The evidence is strong. It is not complete. We want to be clear about the boundaries of what we know.
Ego depletion is not a mechanism we rely on. Once the flagship theory supporting pressure-based assessment, it has largely failed to replicate across 36 laboratories (Vohs et al., 2021: d = 0.06, non-significant). We don't cite it, and we don't need it.
Stress responses are trainable. Meichenbaum's stress inoculation research confirms this. What pressure-based behavioral assessment reveals is your current adaptive repertoire — not an immutable disposition. Someone who has developed genuine emotional resilience through experience will respond differently than they did before that development. That is not a flaw. That is the instrument working correctly.
Game-based assessment validation remains early-stage. A 2025 meta-analysis found support for convergent validity but noted substantial heterogeneity and absence of standardized psychometric frameworks. Origin Protocol is in this emerging category.

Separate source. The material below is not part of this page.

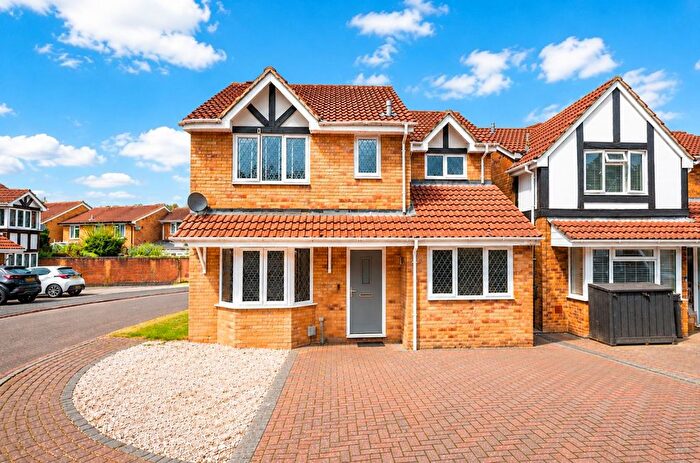 3 Bedroom Detached House For Sale In Sherwood Close, Hatch Warren, RG22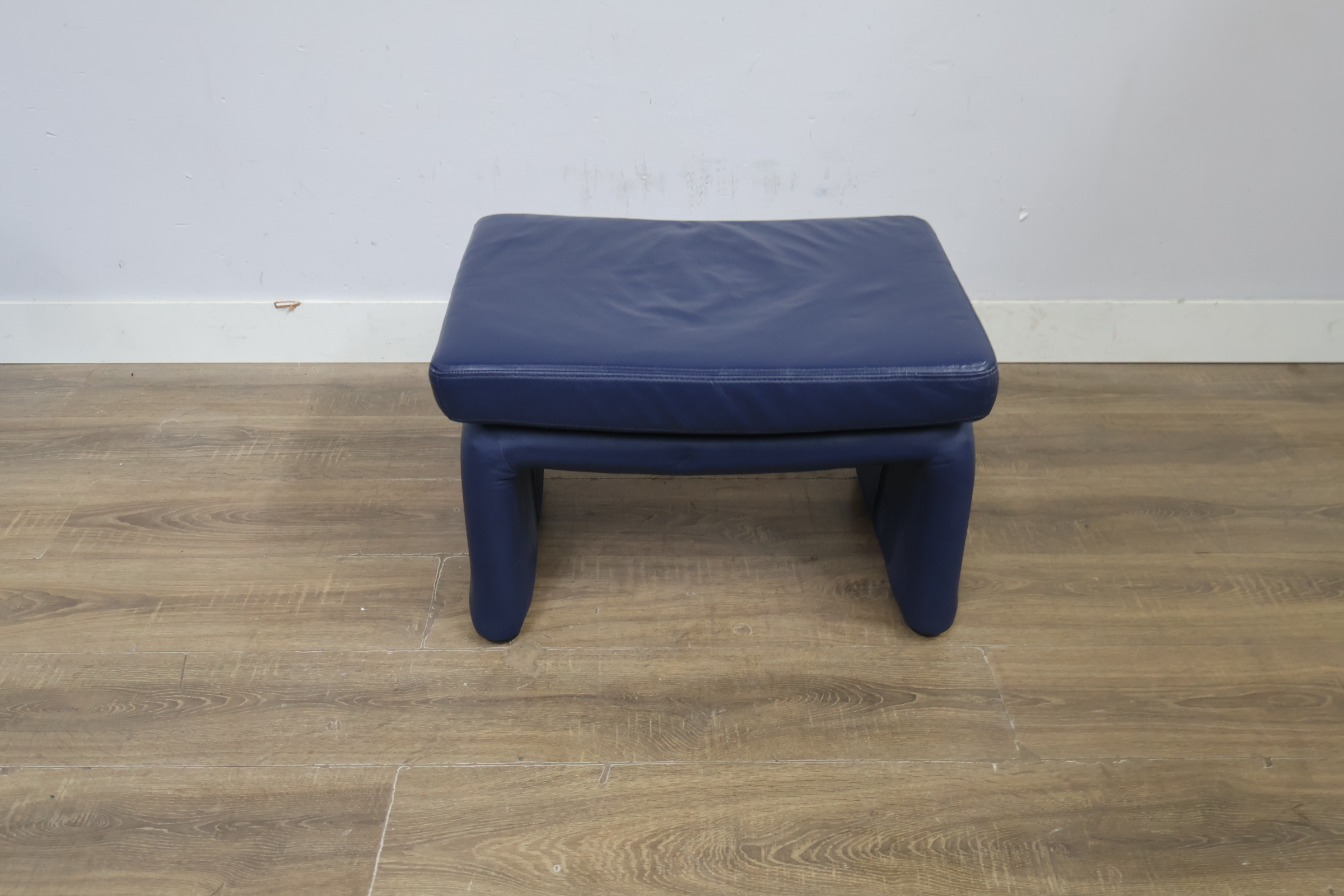 Blauwe leren voetenbank, Poef – foto 5 – kavel bij GSD Auctions, Zoeterwoude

We're building the evidence base, not claiming it's complete.
Revealed preference has a ceiling. Arslan et al. (2020) found that survey-based stated risk preferences outperformed laboratory behavioral tasks in predicting real-world risk-taking — because respondents spontaneously recalled relevant past behavior when completing self-reports. The advantage of behavioral assessment is greatest when self-report cannot draw on relevant behavioral memories. Novel scenarios create exactly this condition.